What This Word Actually Means

חָכָם (chakam) is the Hebrew adjective for wise — but wisdom in the OT is not abstract intelligence or intellectual achievement. Chakam is the person who has aligned their life with reality as YHWH defines it, who fears YHWH and therefore understands how the world works. Proverbs 9:10 gives the definition: 'The beginning of wisdom (chokhmah, H2451) is the fear of the Lord (yirat YHWH)' — the chakam person is the one whose wisdom is rooted in the recognition of who God is. Chakam covers the skilled artisan (Exod 28:3), the wise ruler (1 Kgs 3:12), the sage counselor, and the person who navigates life with skill.

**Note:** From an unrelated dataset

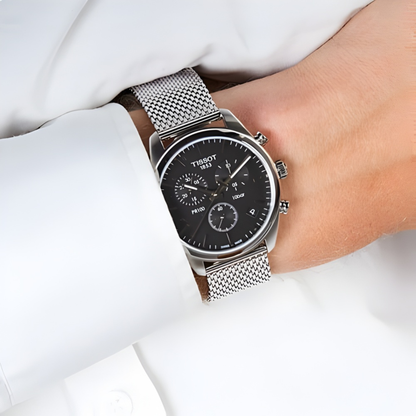 Tissot PR 100 Stainless Steel Chronograph 41 mm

All these uses share the sense that chakam-ness is the ability to read reality rightly and act accordingly.

Proverbs is the book of chakam in its most concentrated form. Proverbs 1:5 sets the trajectory: 'Let the chakam hear and increase in learning, and the one who understands acquire guidance.' The chakam is not a fixed state but a growing orientation — the already-wise person keeps receiving, keeps increasing, keeps learning. Wisdom is the direction of a life, not a destination reached. The fool (kesil, eviyl, nabal) is the person who thinks they already know enough, who despises instruction (Prov 1:7, 12:15).

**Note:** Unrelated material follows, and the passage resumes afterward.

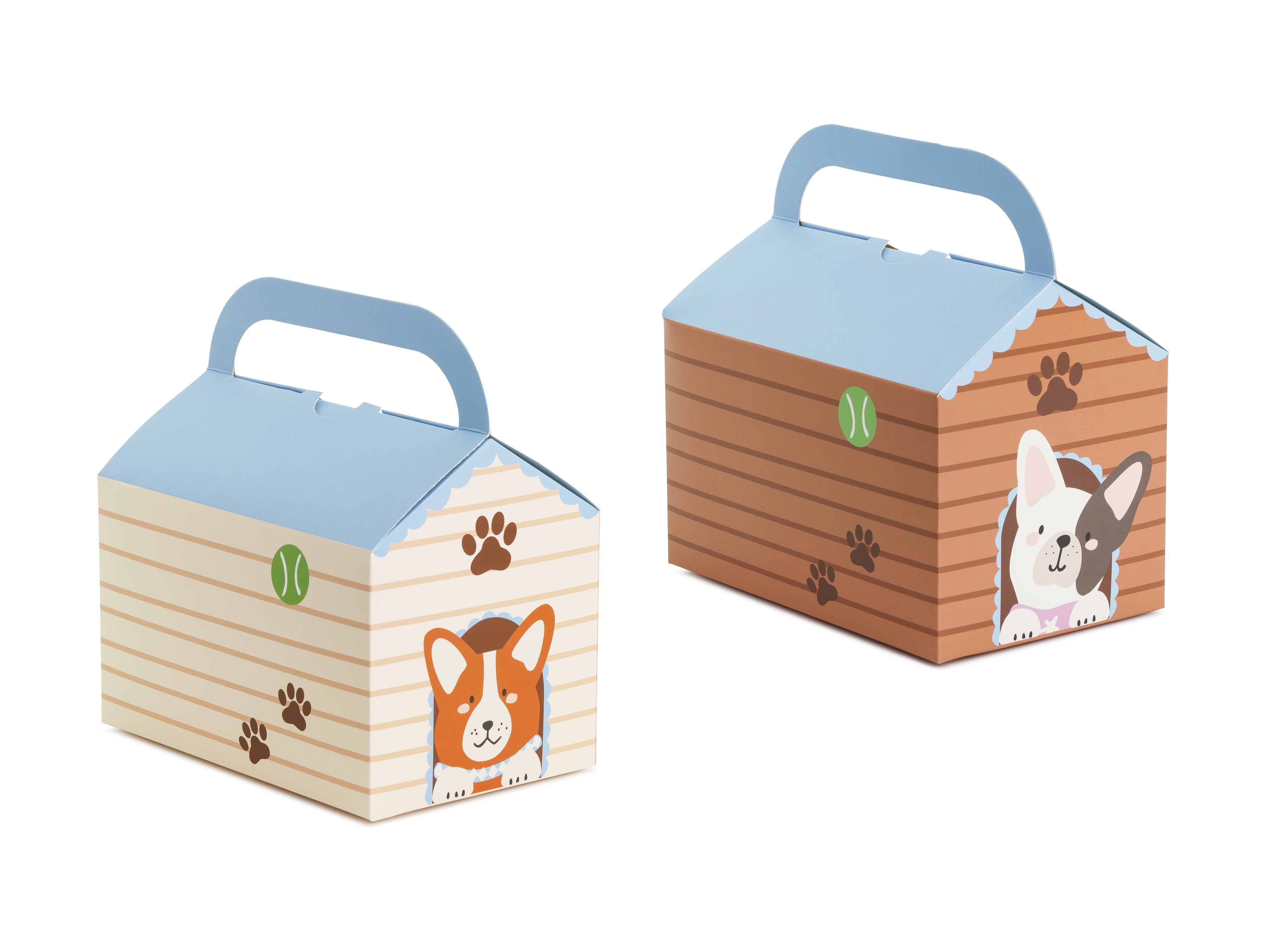 Decorative cake boxes - Doghouse - Teminis.lt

First Kings 3-4 gives chakam its royal application: Solomon asks for a lev shomea (hearing heart) to discern between good and evil (1 Kgs 3:9), and YHWH gives him chokhmah and binah (wisdom and understanding, 1 Kgs 3:12). The chakam king is the king who governs in alignment with divine wisdom. The failure of Solomon's later years (1 Kgs 11) is the failure to sustain the chakam orientation — even the greatest chakam in the OT proved that human wisdom is unstable without the sustained yirat YHWH.

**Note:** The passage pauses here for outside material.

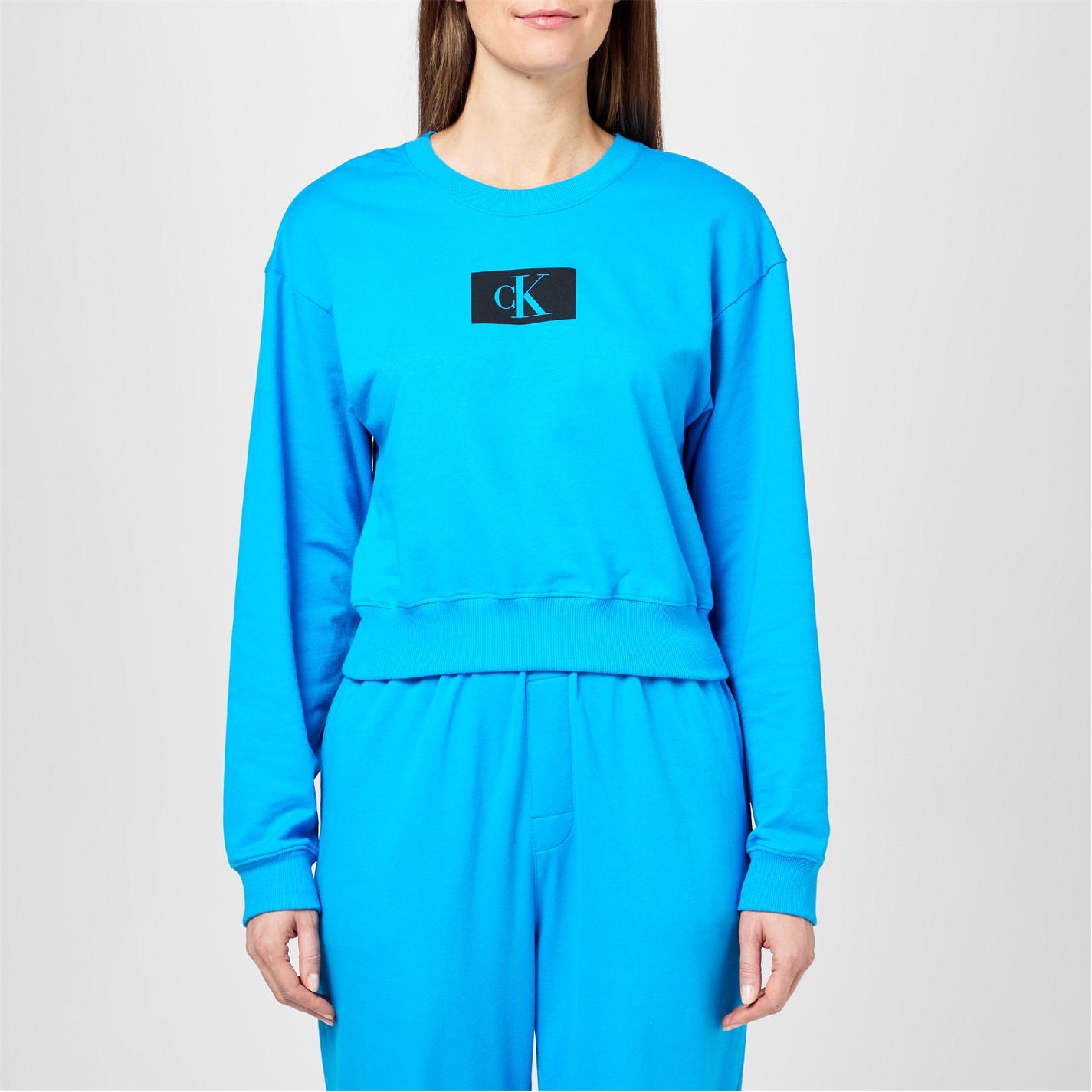 Calvin Klein Lounge Sweatshirt by CALVIN KLEIN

Exodus 28:3 introduces the chakam-lev (skillful of heart) artisans who make the priestly garments: 'You shall speak to all who are skillful (chakam-lev), whom I have filled with a spirit of skill (ruach chokhmah).' Chakam here is technical mastery in the service of worship — the craftsmen's skill is a divine gift (YHWH fills them with it) and is deployed for the construction of the sanctuary. The chakam-lev who builds the holy things is like the chakam-lev who governs justly: both are people who apply divinely-given skill to their God-appointed domain.

For the preacher, חָכָם (chakam) answers the fundamental question: what kind of person does the fear of YHWH produce? A chakam — someone whose life is skillfully aligned with reality as God defines it.